Double duty keeps Jacobs busy at International 

It seems strange to think the night of an upset playoff win on the road would represent one of the lightest workloads of the season for a high school basketball coach.

But after Carl Jacobs coached the 10th-seeded International boys’ basketball team to a 53-41 victory over No. 7 Rincon Valley Christian on Wednesday in the first round of the North Coast Section Division V playoffs, no one would have blamed him had he remained on the bench expecting another game to begin.

For the past two years, Jacobs has coached both the Jaguars’ boys’ and girls’ teams and was on the sidelines for 57 games (and counting) this season — including doubleheaders on 20 occasions.

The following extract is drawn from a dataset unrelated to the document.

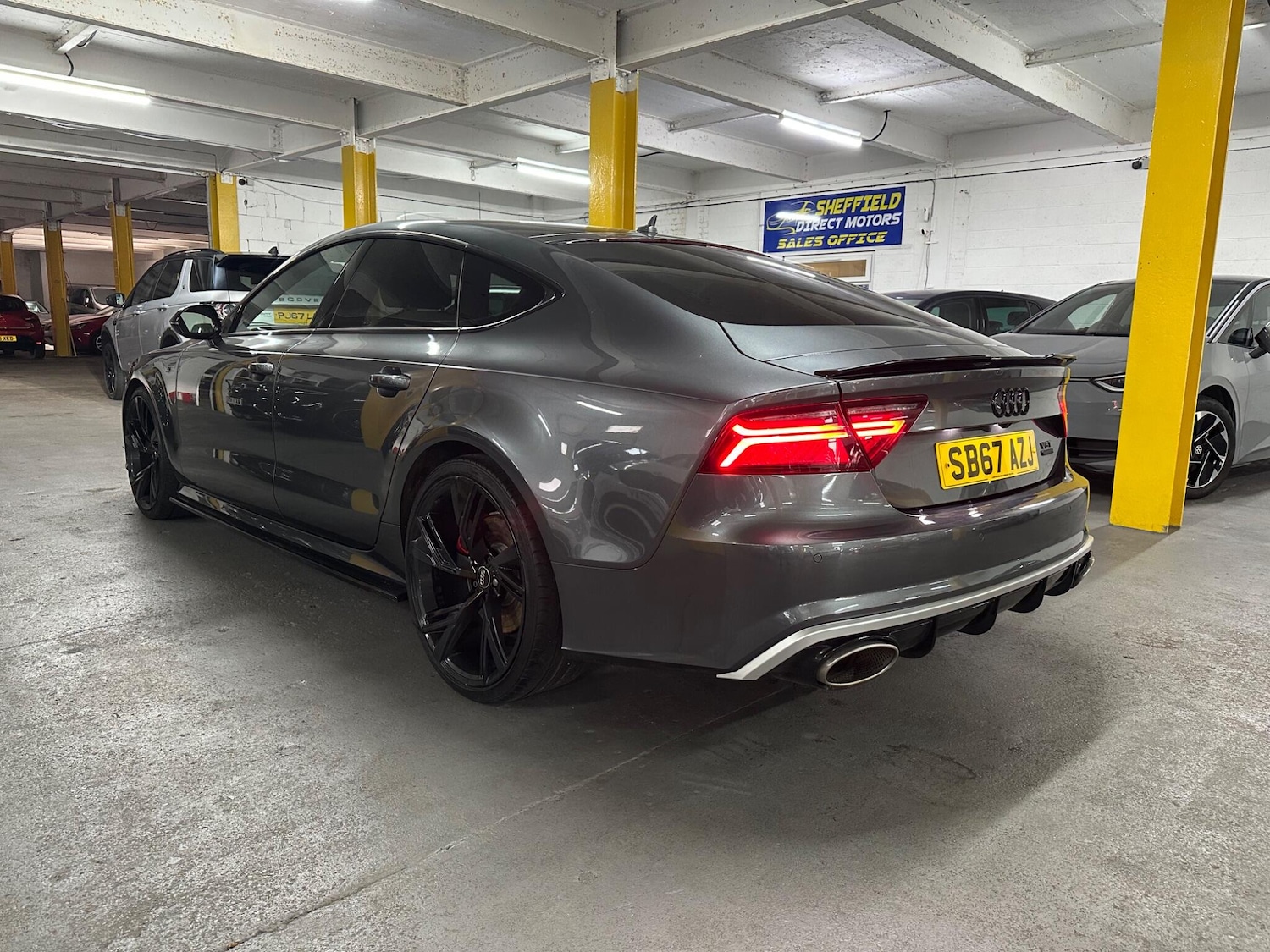 Used Audi A7 2017 for sale - 77574978: Photo 4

The boys are now 20-9, including going 10-0 in Bay Counties League Central games, while the girls finished the year at 15-13 (10-2 BCL) and lost in the league title game to Gateway. The boys will look to advance to the NCS semifinals with home win over No. 2 St. Elizabeth of Oakland on Saturday at 7:30 p.m.

"[With the girls being done] I do have a little more time on my hands now, but I love being in the gym," Jacobs said. "I really do miss the ladies, but they’re a young team. They’ll still be playing at this time next year."

For Jacobs, his stint with the girls’ team represents a return to his coaching roots.

His first head-coaching job came the year after he graduated from Riordan in 1980, when his aunt Joanne Stamps recruited him to coach the Mission Rebels, her adult women’s rec league team. He went on to win six Academic Athletic Association titles in 23 years while coaching the Lincoln boys before moving over to the Jaguars. The original idea was for him to eventually coach just the boys at International, but what began as a temporary situation is quickly growing on Jacobs.

"I think it’s really helped me as a coach," Jacobs said. "The girls help me out with my temperament when I’m working with the guys, but they don’t want to be treated like the little sisters either. I’m pushing them and they’re really starting to get after it."

Not that Jacobs’ excitable nature didn’t take a little getting used to.

"I think last year it seemed a little harsher," junior guard Julia Hechanova said. "But we don’t want to be treated any differently than the guys. During the games, you can’t take the criticism personally, because right afterward, he’ll give you five and be like a big teddy bear."

The two teams practice one after the other and sometimes work together after practice. That, combined with the shared bus rides, countless hours spent watching their counterparts’ games and International’s relatively small enrollment (less than 400) has brought the teams close together.

"He’s a yeller sometimes, but he brings out the best in both teams," said guard Josh Merritt, who played at Lincoln for one year before transferring. "He’s a really understanding coach and treats everyone equally."